The first-ever open US-Taliban talks were supposed to take place in March 2012, but the group cancelled them because of what it called Washington’s “alternating and ever-changing position”. The move came shortly after the killing of 16 Afghan civilians at a US military base, commonly known as the Kandahar massacre, which significantly worsened NATO’s already lacklustre image in the country.
Another notable attempt was scheduled for June 2013, and Taliban had even signalled it could meet the key US demand of breaking ties with al-Qaeda. However, the talks were suspended following backlash from Karzai’s government over the opening of a new Taliban office in Qatar: Kabul was apparently concerned that the mission could turn into a Taliban government-in-exile.
The group regrouped and gained power, and by 2015 it already controlled or contested about one-fifth of the country. That year marked some progress on the intra-Afghan reconciliation track, with the Kabul government sitting down with the insurgents. The process, however, stalled again as the Taliban continued to reject further negotiations – something observers suggested was an attempt to force allies into making concessions.
The United States entered the scene again in February 2018, when the Taliban called for direct talks with the United States following yet another spike in violence.
“It must now be established by America and her allies that the Afghan issue cannot be solved militarily,” the group said. “America must henceforth focus on a peaceful strategy for Afghanistan instead of war.”
Two days later, Afghan President Ashraf Ghani came up with the boldest-yet offer to the Taliban: to recognise it as a political party and release their prisoners if they come to the negotiating table and recognise the Kabul government.

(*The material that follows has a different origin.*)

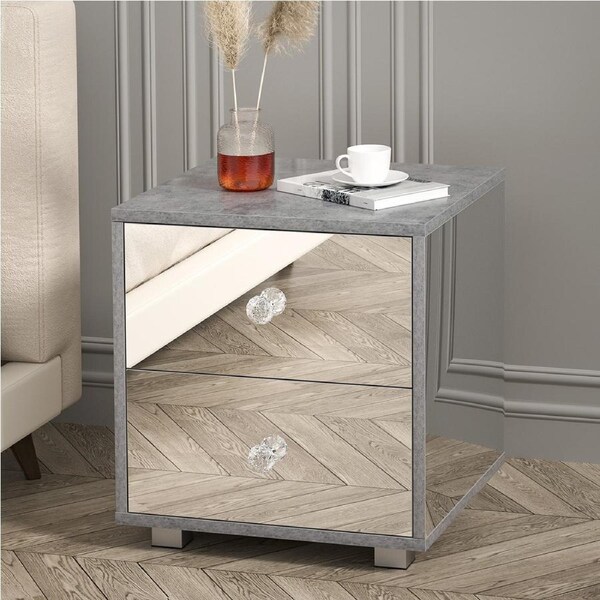 Advwin Mirrored Bedside Table 2 Drawers Storage Nightstand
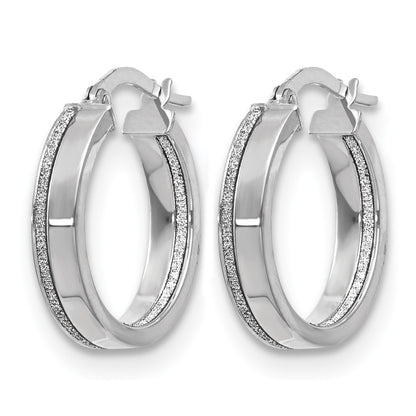 Polished Glimmer Infused Hoop Earrings - White Gold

In June that year, Ghani and the Taliban reached an unprecedented ceasefire, followed by secret talks between American officials and Taliban representatives in Qatar. In September 2018, former US ambassador to the United Nations Zalmay Khalilzad took over the newly-established position of Donald Trump’s special adviser on Afghanistan to facilitate a political peace process between the two warring factions.
US-Taliban talks restarted with a marathon two-week session in Qatar in February 2019, ending in an impasse yet with a draft agreement on the withdrawal of US troops and the Taliban’s commitment to sever ties with al Qaeda and other terror groups. The Afghan government, which was notably left out of the Qatar negotiations, objected to being sidelined from the peace process.

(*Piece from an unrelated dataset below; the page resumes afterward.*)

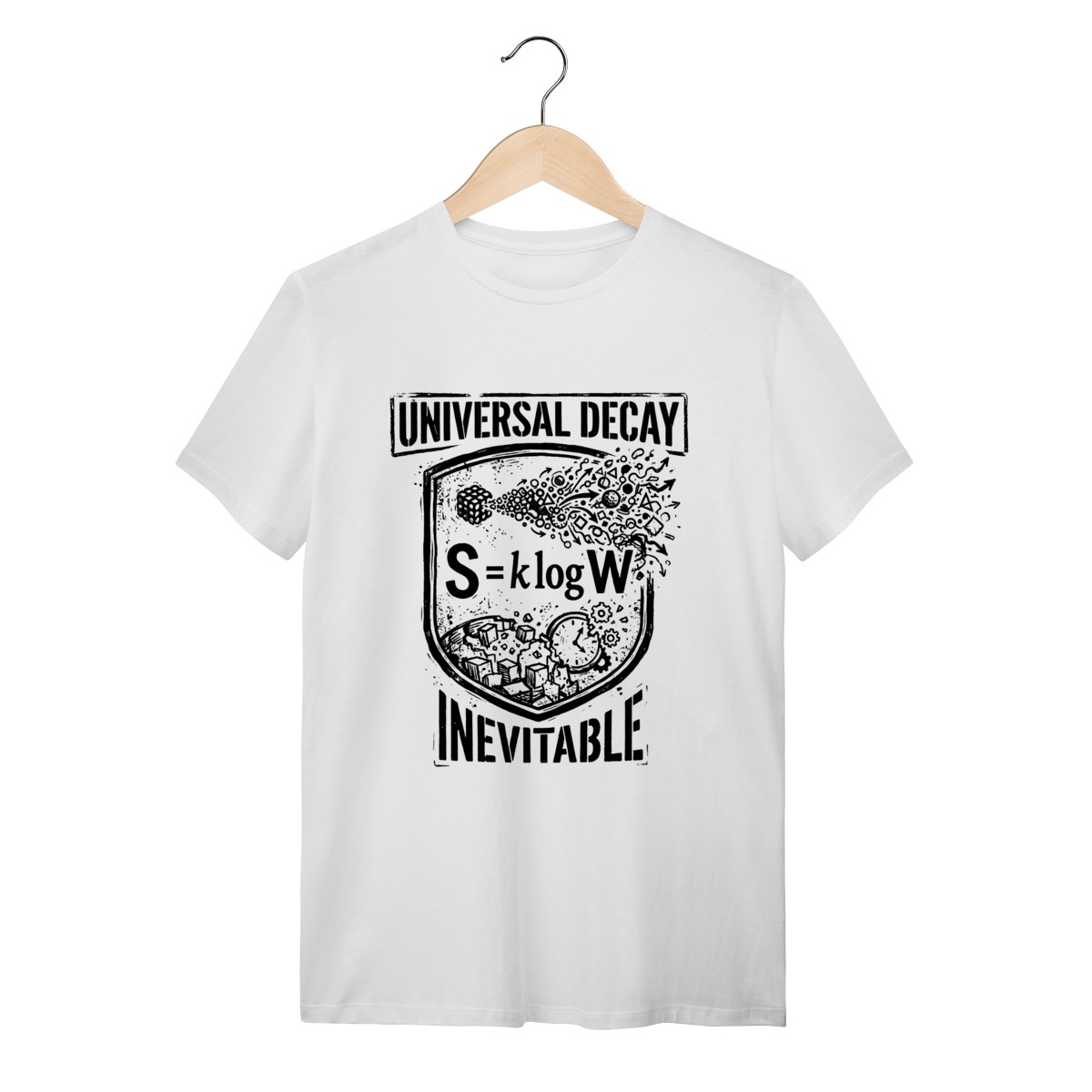 Camiseta Entropia Boltzmann: S = k log W (Física & Termodinâmica)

In September 2019, Donald Trump announced he had cancelled secret peace talks with the Taliban that would have brought him face to face with insurgency leaders at Camp David.

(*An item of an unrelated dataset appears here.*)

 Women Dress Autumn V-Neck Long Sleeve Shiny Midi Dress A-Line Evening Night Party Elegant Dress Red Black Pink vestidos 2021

He cited a Taliban-claimed explosion in Kabul, which killed 12 people including a US soldier, and concluded that the militants were merely trying to “strengthen their bargaining position”.
The two sides picked up where they left off in December 2019 with two primary goals: to curb violence in Afghanistan and to lay the groundwork for a power-sharing agreement between the Taliban and Kabul.
On Friday, Mike Pompeo said they reached an “understanding” that could result in a “reduction of violence across Afghanistan”. “We are preparing for the signing [of a peace deal] to take place on February 29,” he said in a press statement. “Intra-Afghan negotiations will start soon thereafter, and will build on this fundamental step to deliver a comprehensive and permanent ceasefire and the future political roadmap for Afghanistan”.
Reports have already emerged that the Taliban and Kabul have agreed to reduce violence for a week until an agreement with the US is signed.